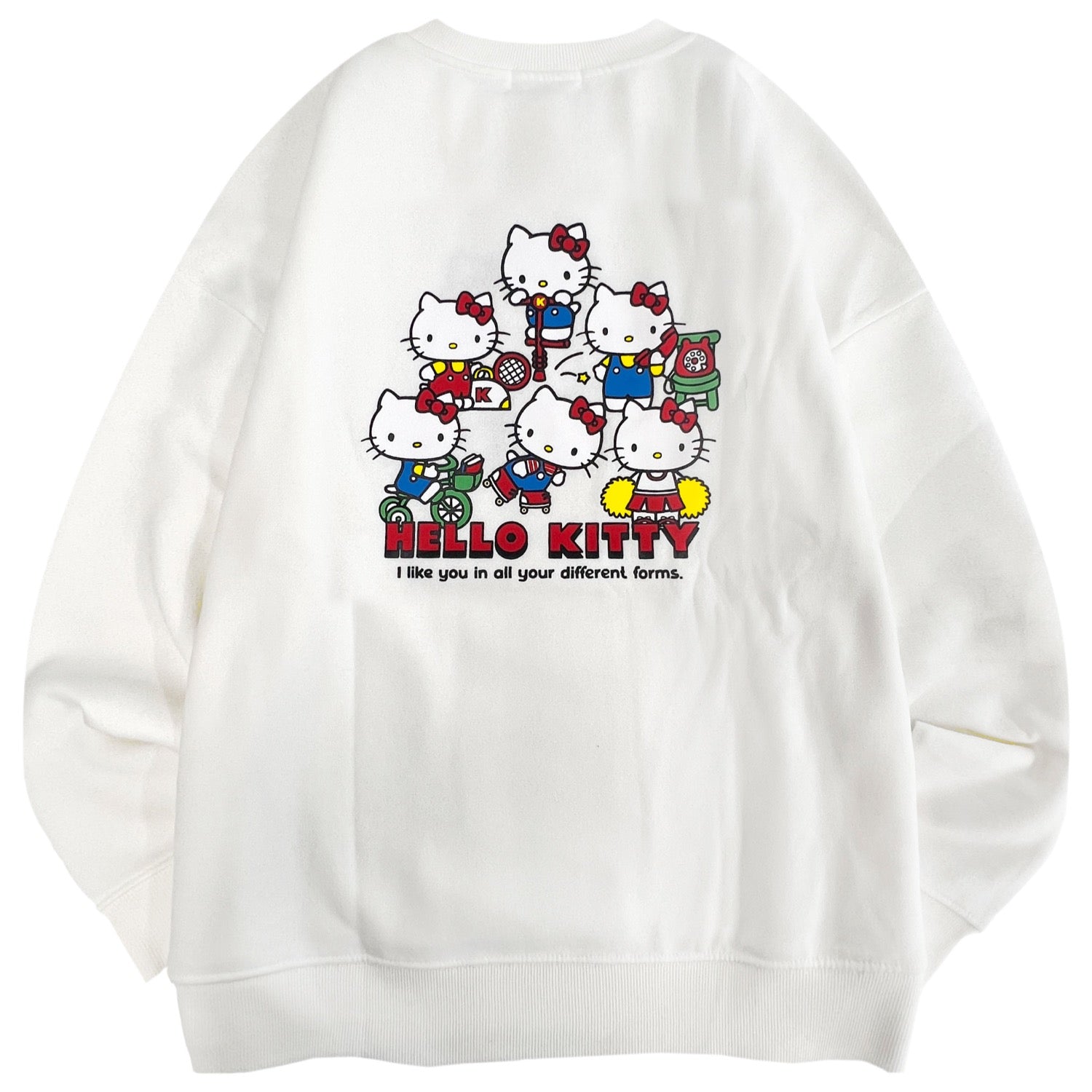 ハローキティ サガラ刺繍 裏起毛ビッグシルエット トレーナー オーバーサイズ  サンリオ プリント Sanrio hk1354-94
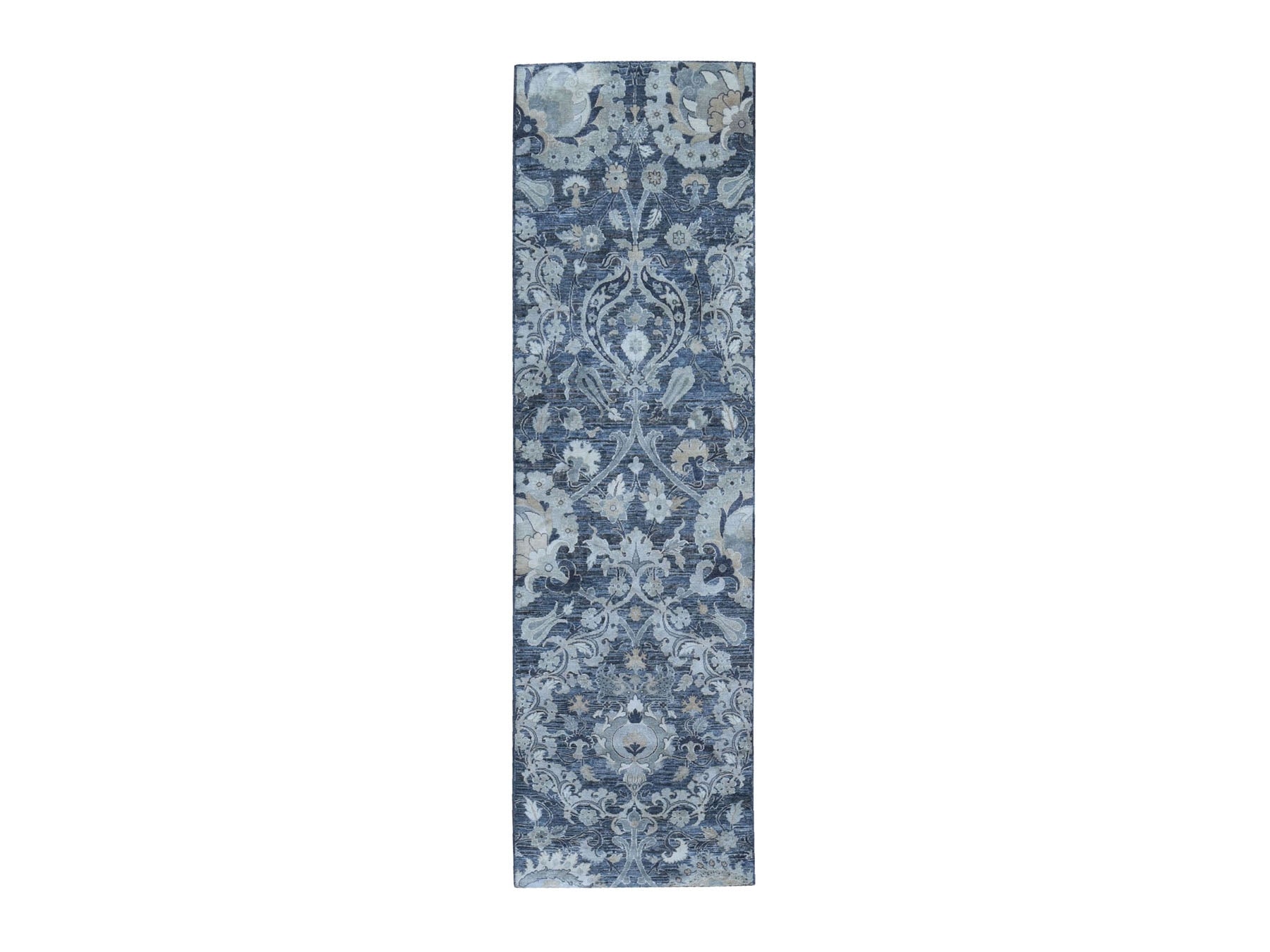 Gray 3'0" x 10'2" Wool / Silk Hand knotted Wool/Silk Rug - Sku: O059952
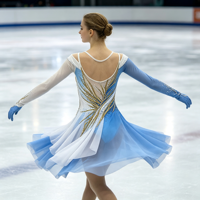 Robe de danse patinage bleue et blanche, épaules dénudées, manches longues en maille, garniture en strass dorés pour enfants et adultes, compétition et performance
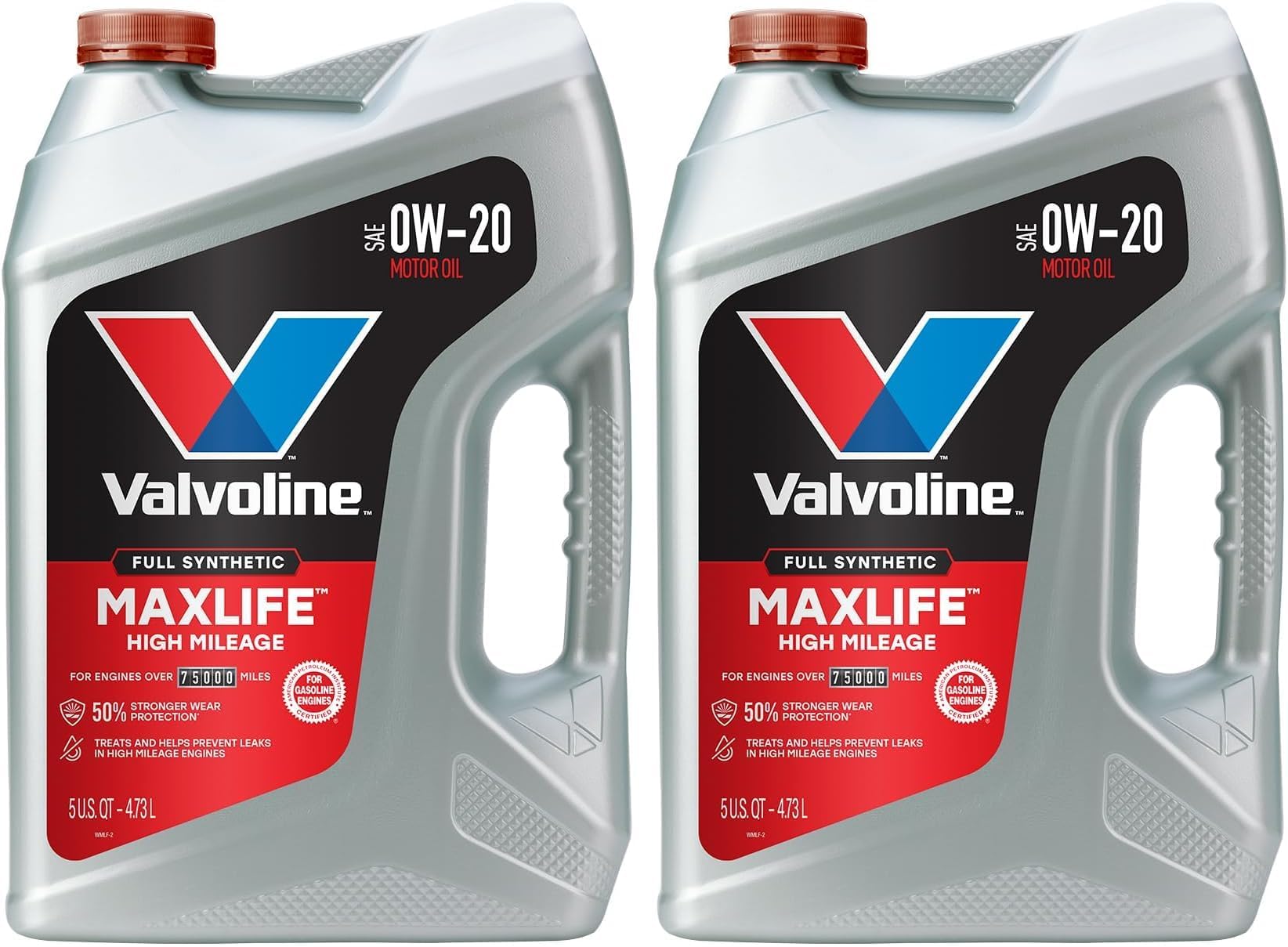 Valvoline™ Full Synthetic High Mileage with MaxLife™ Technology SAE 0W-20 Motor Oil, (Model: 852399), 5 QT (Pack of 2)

● Task
The answer is the lines above, word for word, from the first one through the one containing "Robe de danse"; it includes no pictures.

● Problem solution
 ハローキティ サガラ刺繍 裏起毛ビッグシルエット トレーナー オーバーサイズ  サンリオ プリント Sanrio hk1354-94
 Gray 3'0" x 10'2" Wool / Silk Hand knotted Wool/Silk Rug - Sku: O059952
 Robe de danse patinage bleue et blanche, épaules dénudées, manches longues en maille, garniture en strass dorés pour enfants et adultes, compétition et performance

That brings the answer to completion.